糸くず

ひつじ村の兄弟の糸くずのレビュー・感想・評価

ひつじ村の兄弟(2015年製作の映画)
3.8
カンヌの「ある視点」部門の作品賞受賞作なので、少し身構えて観たのだけども、実直すぎるくらい実直な作りの映画で、かなりの安定感。

アイスランドといえば、『馬々と人間たち』という怪作があって、明らかに好悪がはっきり分かれるタイプの映画だけども、あの映画の「馬、この身近でしかし奇妙なもの」というような突き放した視点がわたしは好きだった。

一方、この映画は、アイスランドという地域の特異性を、「過去に因縁を持つ兄弟の確執と和解」という普遍的な物語に落とし込んでいて、広く受け入れられるタイプの映画だと思うが、「どうせならもっと遠くに連れていってほしい」とも思う。

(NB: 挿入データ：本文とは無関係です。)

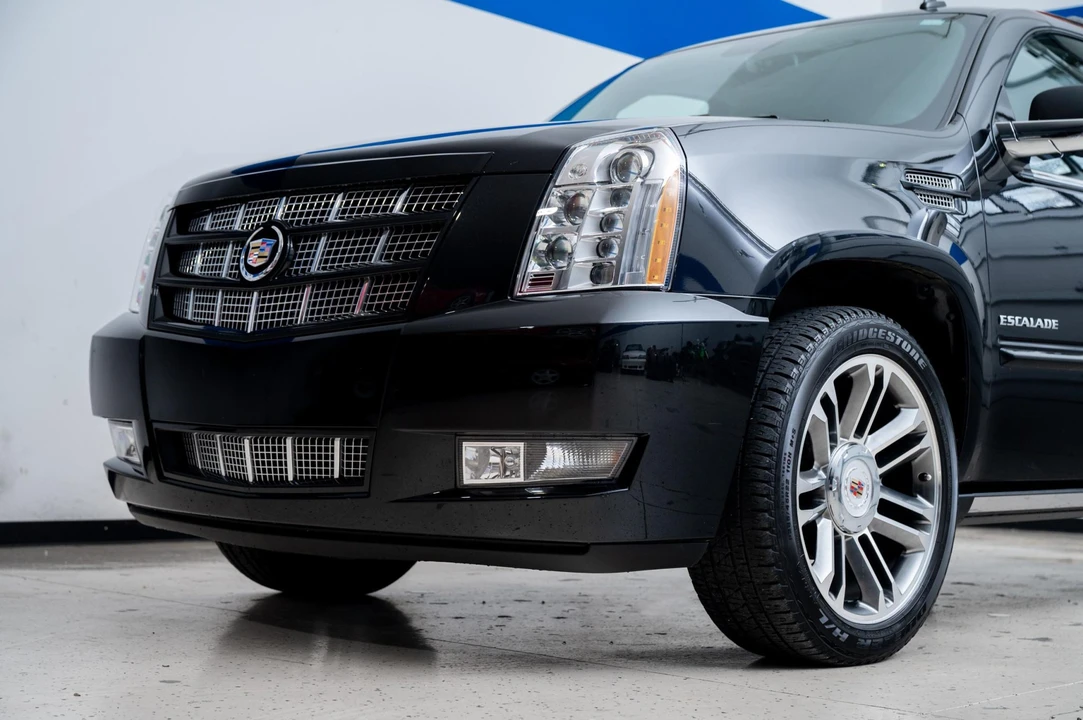 2012 Cadillac Escalade & EXT 3rd Gen - Image 18 of 31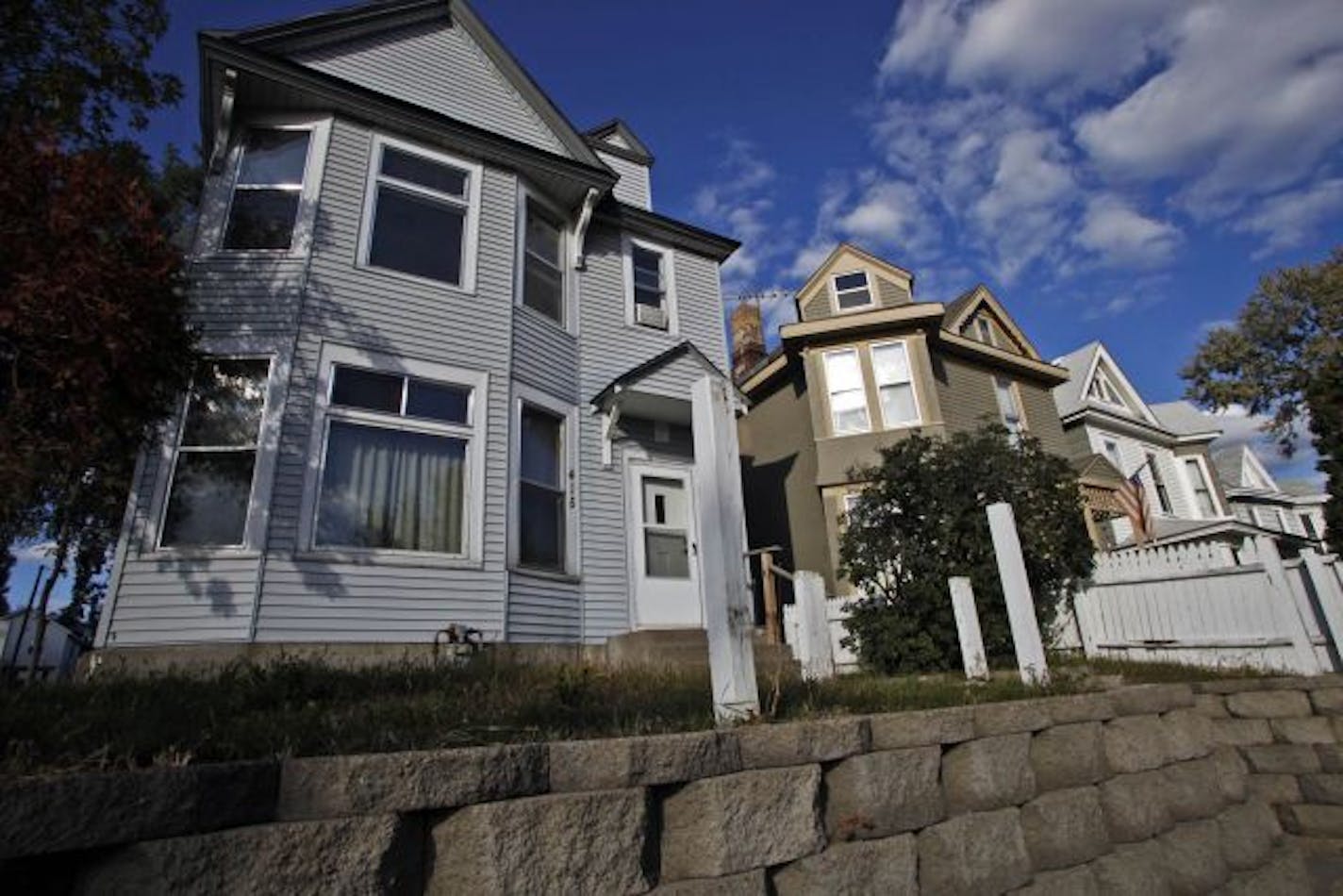 These homes are typical of the existing homes in the Rivoli Bluff area.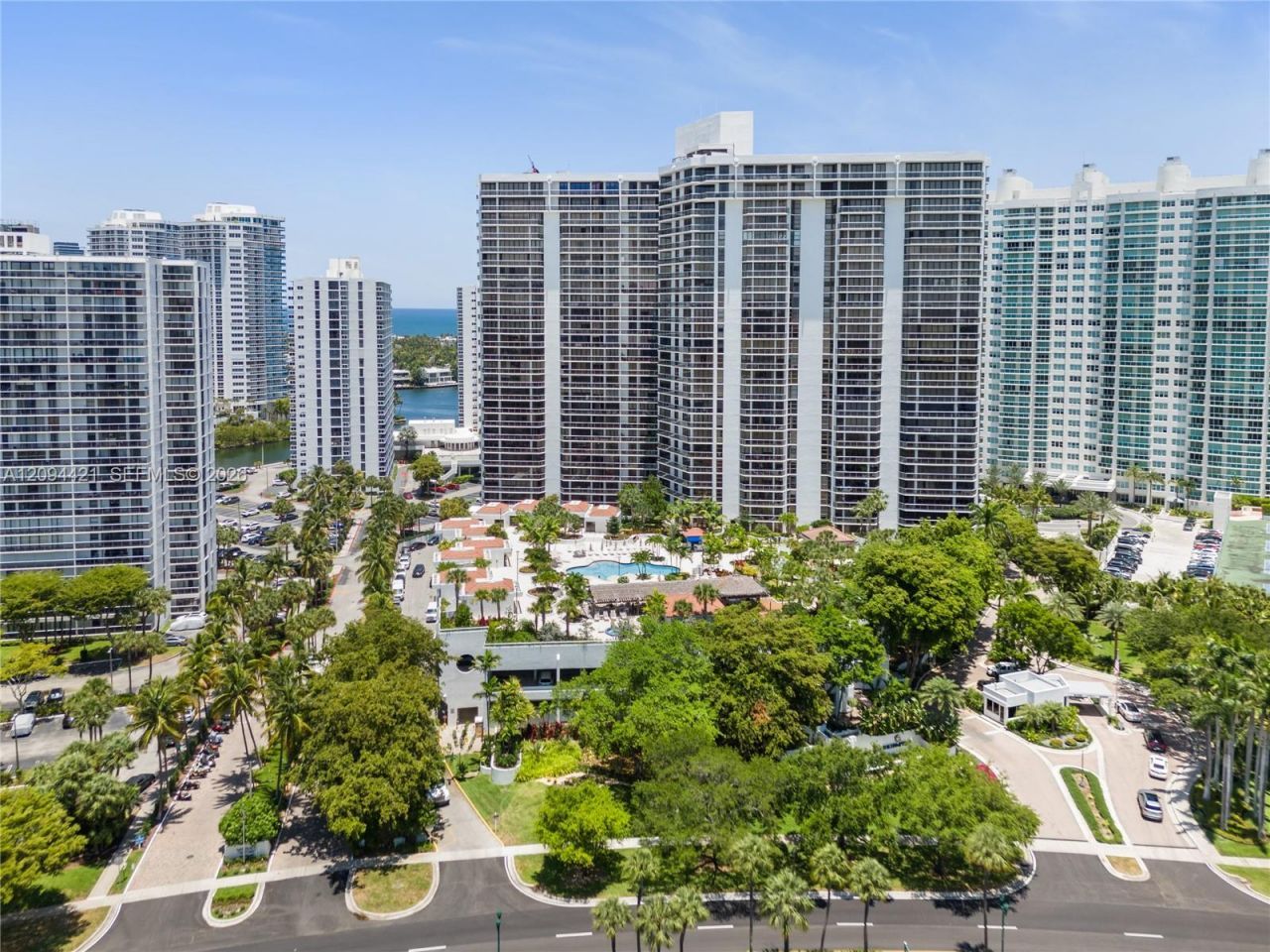 20281 E Country Club Dr , Unit 403, Aventura, FL 33180 Photo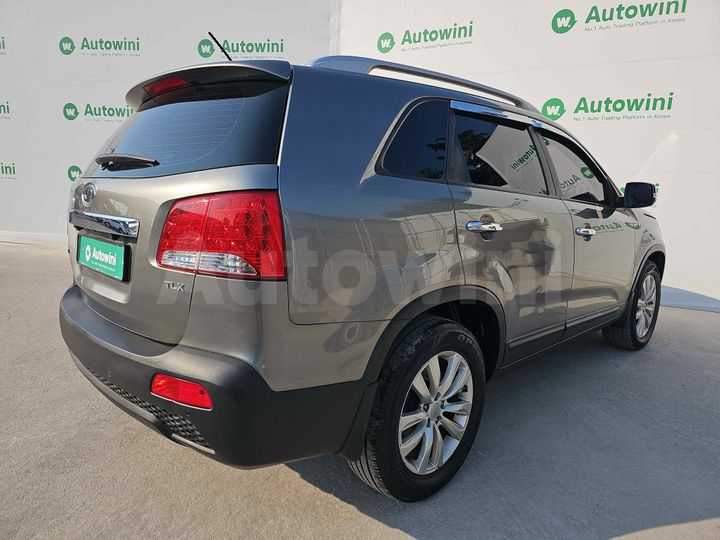 Kia Sorento 2011 — 5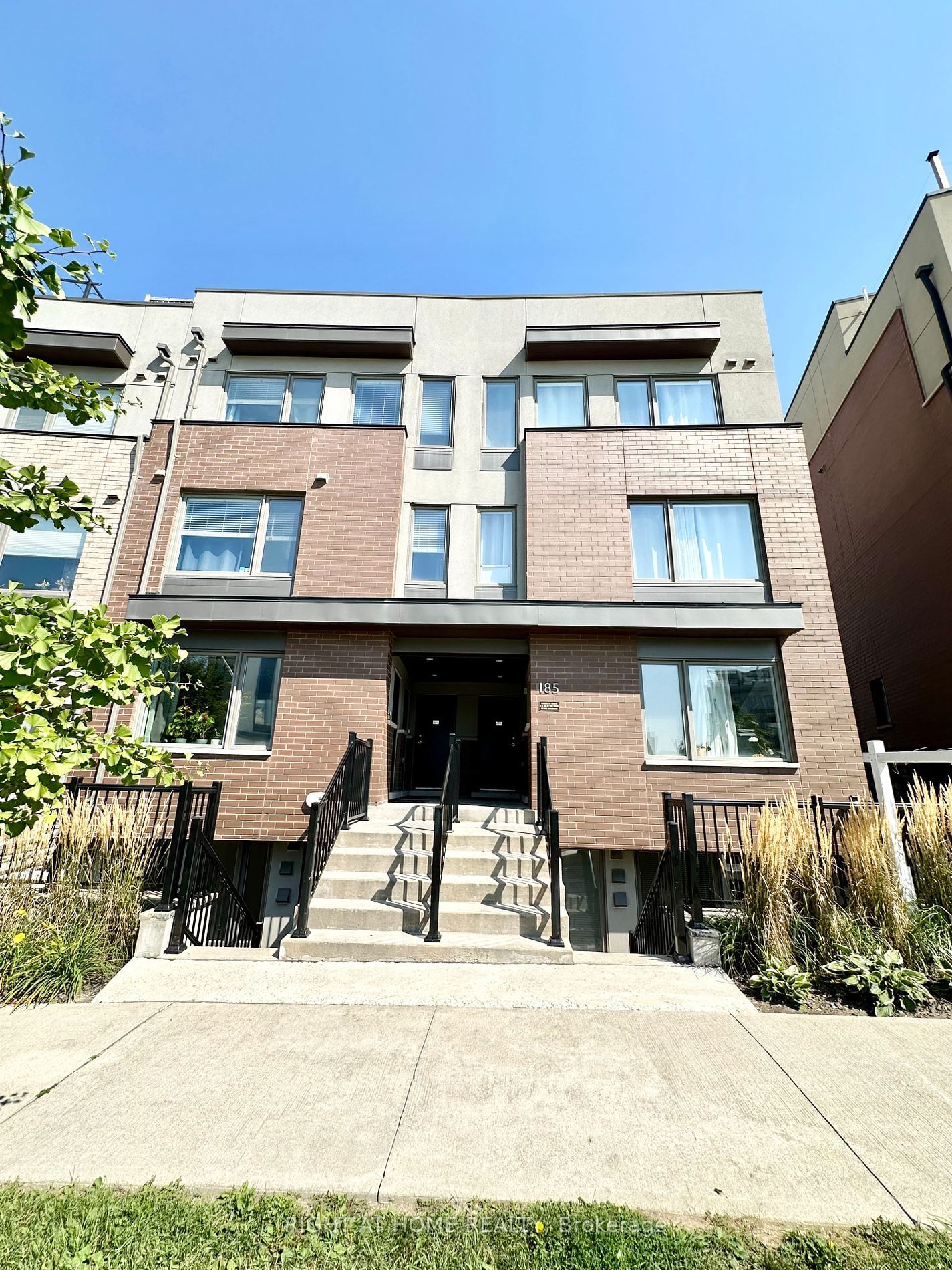 185 William Duncan Rd, unit 9 for rent - image #27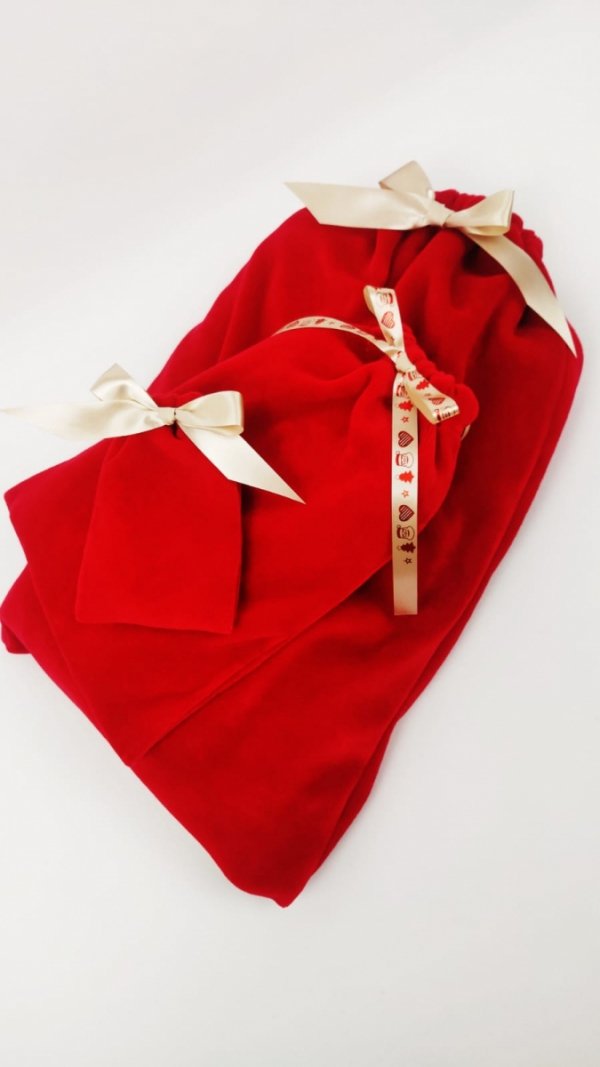 Woreczek welurowy ze wstążką średni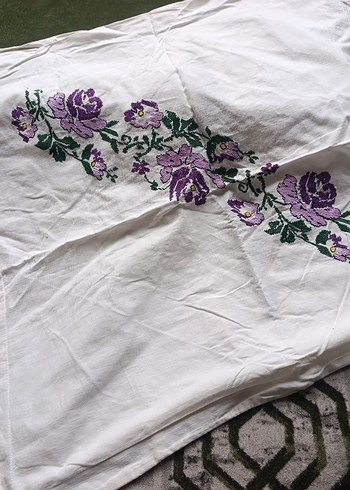 Mor Nakışlı Masa Örtüsü - Görsel 2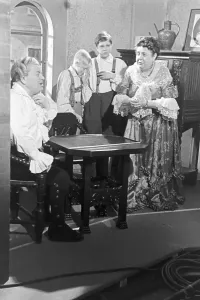 Dreharbeiten für den Deutschen Fernseh-Rundfunk in Deutschland, 1930er Jahre.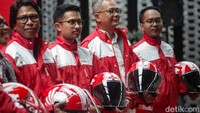 Kurir ekspedisi yang menghabiskan sebagian besar waktunya di jalanan memerlukan atribut SOP untuk menunjang kinerja mereka.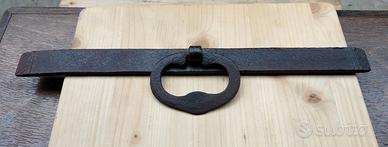 Catenaccio antico in ferro battuto a mano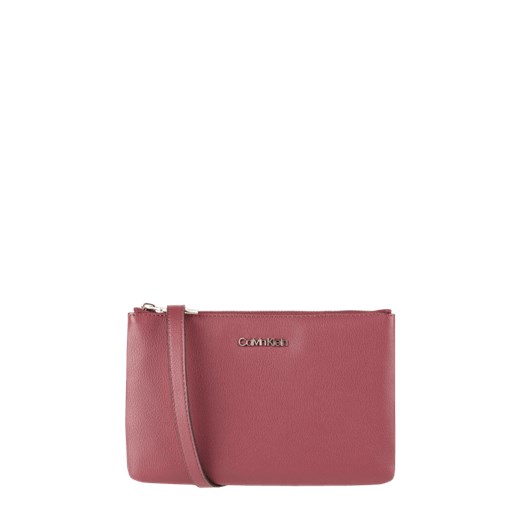 Listonoszka Calvin Klein matowa czerwona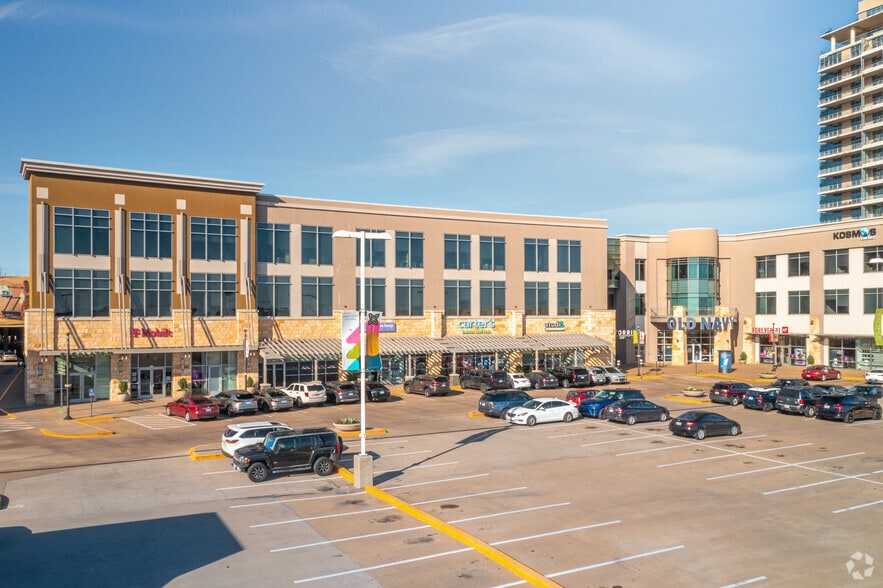 More Photos Of 8180 Park Ln, Dallas Office For Lease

羊の死体で埋め尽くされた弟の小屋と兄の空っぽな小屋との対比、「服を脱ぐ」ということが兄弟の関係性の変化を表している点など演出は行き届いていて、見応えがある。弟が道で行き倒れていた兄をブルドーザーで運び出す場面の無骨なユーモアも悪くない。

ところで、わたしはラストで確信したのだけども、この映画は間違いなくBLだと思う。